C’est par un tweet, mercredi 20 juin que Jean-Claude Juncker, le président de la Commission, a fait savoir qu’il « invitait » « à une réunion de travail informelle sur les sujets des migrations et de l’asile un groupe d’États membres intéressés. Le but de la réunion, qui aura lieu ce dimanche à Bruxelles, est de travailler à des solutions européennes en vue du sommet » des 28 et 29 juin. Parmi les chefs d’États et de gouvernement « tagués » dans le tweet, Emmanuel Macron, Angela Merkel, l’Italien Giuseppe Conte, l’Autrichien Sebastian Kurz, le Grec Alexis Tsipras, le Bulgare Boïko Borissov, le Maltais Joseph Muscat et l’Espagnol Pedro Sanchez. A la suite de cette annonce, le Belge Charles Michel et le Néerlandais Mark Rutte suivi par le Luxembourg, le Danemark, la Suède, la Finlande, la Slovénie et la Croatie ont annoncé qu’ils rejoindraient ce mini-sommet informel, alors que la Pologne, la Hongrie, la Tchéquie et la Slovaquie ont fait savoir qu’ils déclinaient l’invitation. Soit 16 pays sur 28.

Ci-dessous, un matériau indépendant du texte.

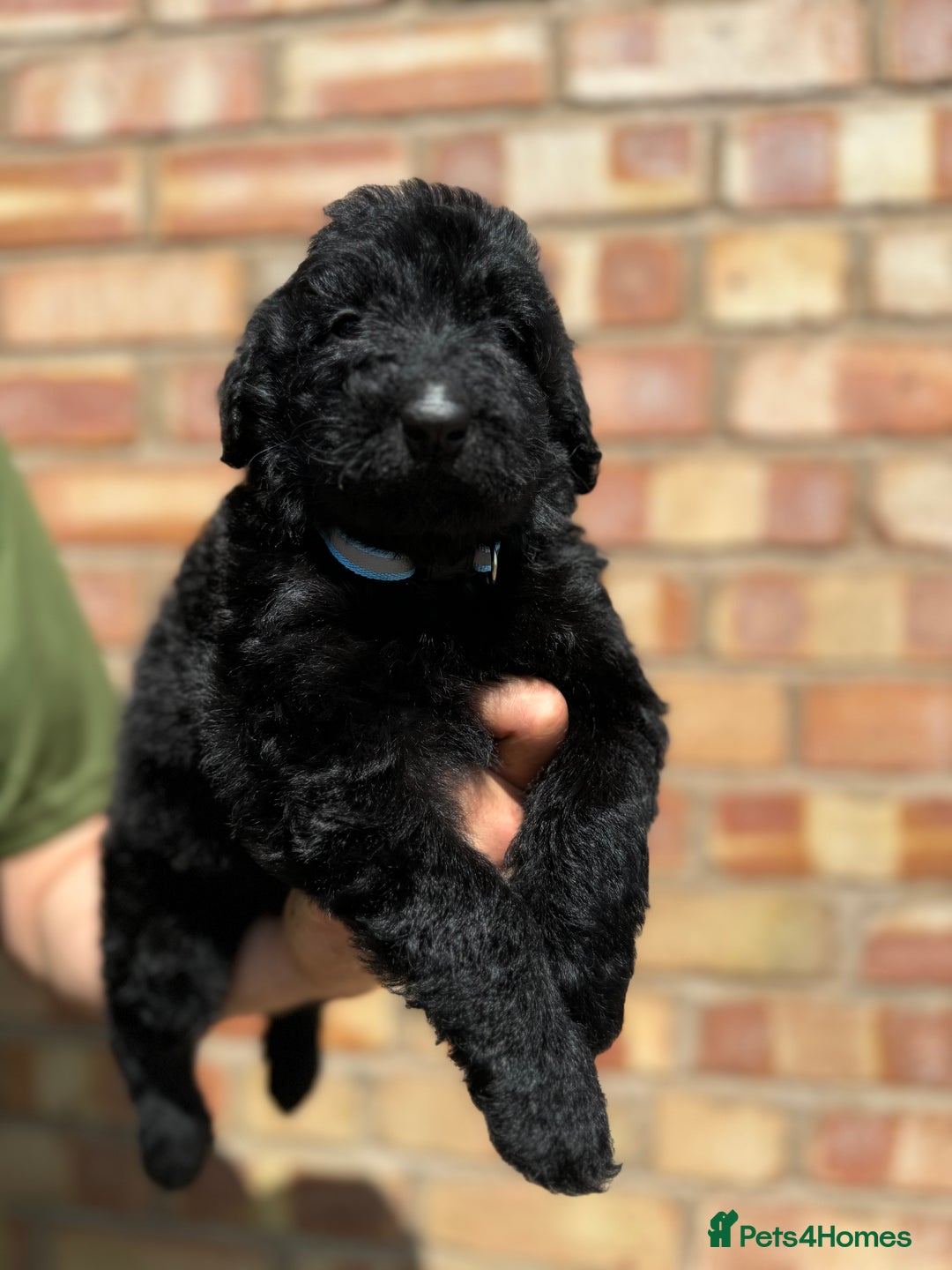 Labradoodle dogs for sale: Health Tested - F1 Labradoodles - Image 4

Une convocation pour le moins étonnante, puisque Juncker préside la Commission et non le Conseil européen. Autrement dit, il court-circuite le Polonais Donald Tusk qui, pourtant, travaille déjà sur le sujet de l’asile et de l’immigration afin de réunir un consensus sur plusieurs points, notamment sur la création de plates-formes d’accueil dans les pays tiers où le tri serait fait entre les demandeurs d’asile admis à venir sur le territoire européen et les autres. La seule autre fois où la Commission s’est risquée à sortir ainsi de ses prérogatives, c’était déjà sur la question des demandeurs d’asile : au plus fort de la crise de 2015, elle avait convoqué, le 25 octobre, un « sommet » pour tenter de fermer la route des Balkans. Mais, cette fois-là, plusieurs États invités étaient non-membres de l’Union: aux côtés de l’Autriche, de l’Allemagne, de la Croatie, de la Bulgarie, de la Grèce, de la Hongrie, de la Roumanie et de la Slovénie, on trouvait en effet l’Albanie, la Macédoine du Nord et la Serbie, ce qui pouvait justifier l’initiative de la Commission, celle-ci étant chargée des relations de voisinage. Cette fois-ci, on se demande quelle mouche l’a piquée.

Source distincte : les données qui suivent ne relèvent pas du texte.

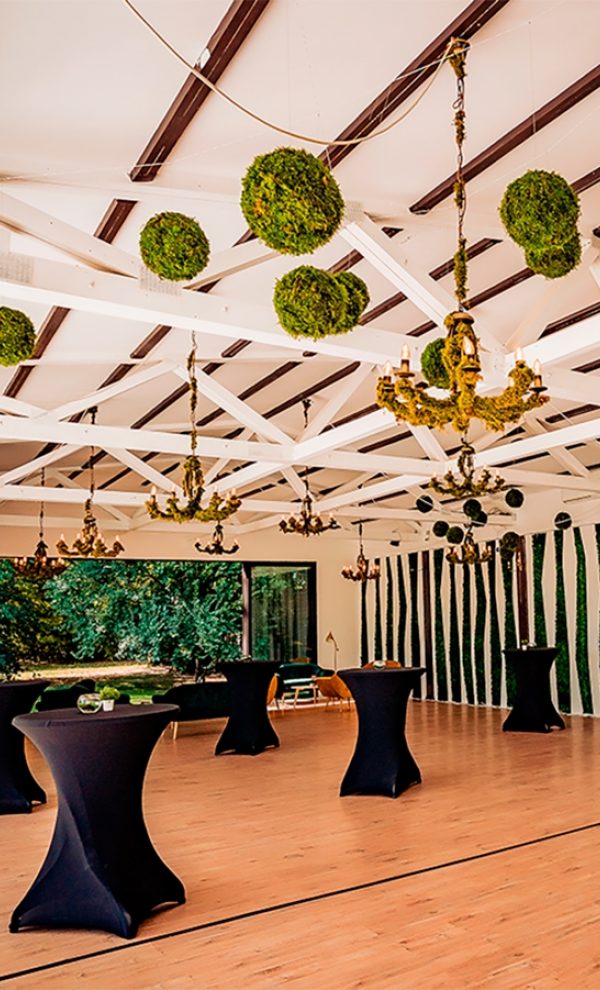 Locatiile TreeHouse - locatii de nunti in aer liber in natura - top locatii de nunta la padure-piscina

En réalité, dès que la chancelière allemande est en difficulté, la Commission se plie toujours en quatre pour l’aider. Ni la Grèce ni l’Italie n’ont jamais eu droit à un tel traitement VIP alors qu’ils sont en première ligne depuis des années. Pis, alors que l’Allemagne s’est assise sur la solidarité européenne en décidant seule d’ouvrir ses frontières en 2015, sans que la Commission hausse un sourcil, Athènes et Rome, elles, ont eu droit aux remontrances de Bruxelles pour leurs retards à mettre en place des centres d’accueil permettant de faire le tri entre les arrivants... La Commission a même préparé un projet de conclusions reprenant pour l’essentiel les demandes de la CSU allemande destinées notamment à bloquer les «mouvements secondaires», c’est-à-dire les demandes d’asile d’étrangers qui ne l’ont pas déposé dans le pays de premier accueil comme le prévoit le régalement de Dublin. Ce projet a finalement été abandonné suite aux protestations de l’Italie qui a menacé de ne pas se rendre à Bruxelles, puisqu’on lui demandait en réalité d’assumer seule la charge des migrants...

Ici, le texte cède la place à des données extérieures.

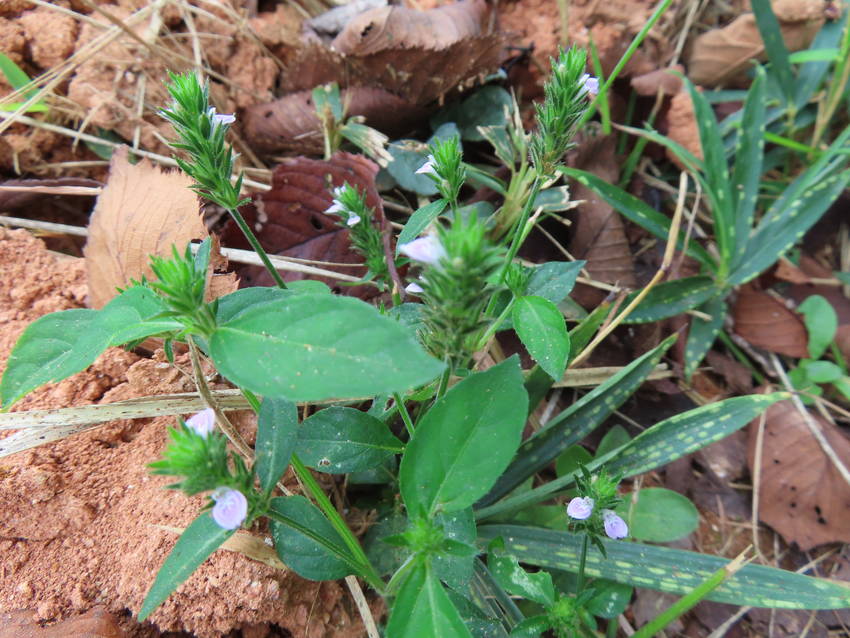 白花狐の孫の花咲く頃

Cette initiative de Juncker, qui doit son poste aux conservateurs allemands, est d’autant plus baroque qu’il n’y a pas de « crise des migrants », le nombre d’arrivées en Europe ayant retrouvé son niveau d’avant 2015 (-77% en Italie par rapport à l’année dernière). En revanche, il y a bien une succession de crises politiques dans certains pays, en particulier en Allemagne, la droite radicale et l’extrême-droite essayant de tirer les dividendes d’une crise déjà terminée. Bref, la Commission veut surtout essayer de sauver le soldat Merkel plus que de stopper une fantasmée « invasion migratoire ». C’est d’ailleurs pour cela que Donald Tusk a refusé de convoquer lui-même ce sommet informel.